UR_TT do you have a smaller race battery?


----------



## UR_TT (Nov 8, 2008)

NickG said:


> Von Twinzig said:
> 
> 
> > Long wires = more weight. What about up against the pax footwell in a cage?
> ...


Exactly why i want to realocate, less cable. Been thinking about golve compartment aswell for even shorter reloacate. 
Goal is away from the front, with the minimum of weight adding. 
And yes light weight battery comes as a given, i run the small Odessy PC 680, needs some atteition on service charging.
Link just genereic what i found didnt buy from there. 
http://www.barden-ukshop.com/odyssey-pc ... -789-p.asp


----------



## brushwood69 (Dec 17, 2012)

Can anybody confirm or deny that just having the old fashioned manual cut off will not work?? I was told that having the alternator in the Audi configuration will continue to power the car so you need one of the electrical systems to kill the power.

BW


----------



## NickG (Aug 15, 2013)

So i've been getting my head into this at bit more at the weekend...

Just need to find the wiring and the best place to distrub the wiring between ignition and coils... any takers?! :?


----------



## Gewdraa (Jan 5, 2017)

Why don't you disconnect the battery negative cable while the car is running?
Will it stop or keep running.
Hmm


----------



## 1781cc (Jan 25, 2015)

I left everything in the engine bay, positive out of the bay > skill switch > positive to the battery, then negative to the chassis.

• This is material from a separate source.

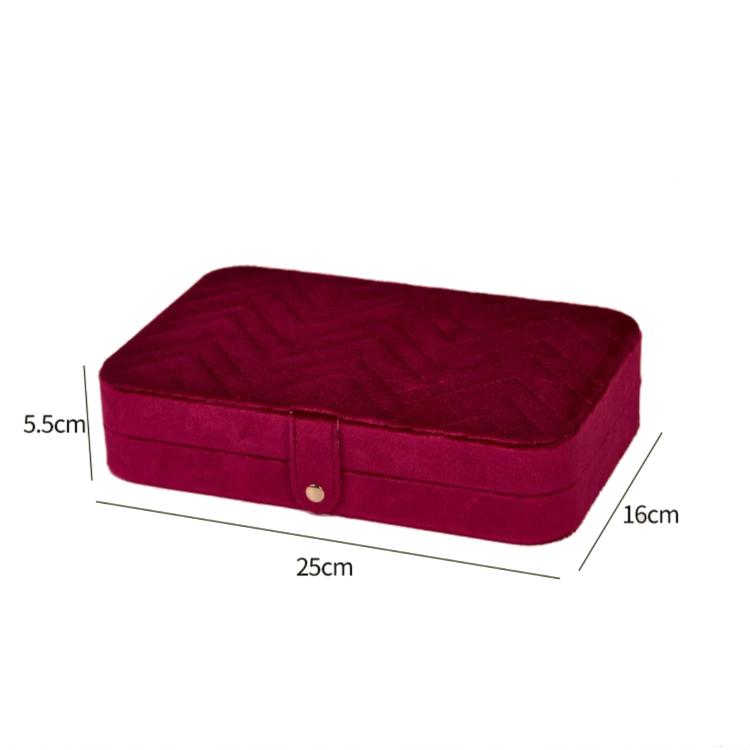 Dark red velvet jewelry box, closed design with 25 x 16 x 5.5 cm dimensions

Installed in the passenger footwell:


----------



## Gewdraa (Jan 5, 2017)

Sounds like a good setup.
Just for interest when you use the kill sw (remove + pos) does it stop running?


----------



## NickG (Aug 15, 2013)

1781cc said:


> I left everything in the engine bay, positive out of the bay > skill switch > positive to the battery, then negative to the chassis.
> 
> Installed in the passenger footwell:


You have the nice simple one! I've gotta wire in the ignition and a resistor in there too [smiley=bigcry.gif]


----------



## Gewdraa (Jan 5, 2017)

Nick 
That's the point.
Just because your wiring diagram shows ign etc, dosnt mean you have to use it, 
It's just like a light switch, put it off and the car should stop running.
Cutting the positive should stop the car.
Try taking the positive off the battery with the engine running.
If it dosnt stop then you will need to find out why.


----------



## Von Twinzig (Feb 10, 2014)

If you're going racing you need Nicks jobbie as you need to isolate the alternator too otherwise the engine could keep running.

Mine is a simple battery isolator as it's just for trackdays.

VT


----------



## Gewdraa (Jan 5, 2017)

Ok
Then he will have to find the wiring diagram.
Can't help sorry.


----------



## NickG (Aug 15, 2013)

Gewdraa said:


> Nick
> That's the point.
> Just because your wiring diagram shows ign etc, dosnt mean you have to use it,
> It's just like a light switch, put it off and the car should stop running.
> ...


Yeah it needs to be wired correctly for racing standards.

I think I'm there now with a bit of guidance from Prawn and Badger so I'll post up the score if it works!


----------



## Madmax199 (Jun 14, 2015)

You have to cut power to the ignition coils or the ecu for a proper cut-off.


----------



## NickG (Aug 15, 2013)

Well i got mine mounted and the easy part wired up!



Going to tackle the ignition and that another day i think, for now, i'll use it as a basic cut off!


----------



## Gewdraa (Jan 5, 2017)

Looks good, nice location.
Q. Does it need to have a lanyard? 
So it won't get misplaced.


----------



## NickG (Aug 15, 2013)

Gewdraa said:


> Looks good, nice location.
> Q. Does it need to have a lanyard?
> So it won't get misplaced.


No requirements for one, to be honest it would probably get in the way if i did have one!


----------



## nikkij (Feb 1, 2019)

The battery should be checked at frequent intervals and should never be overcharged and while charging keep in mind that if you do not have proper electrolytes then go for distilled water only.


----------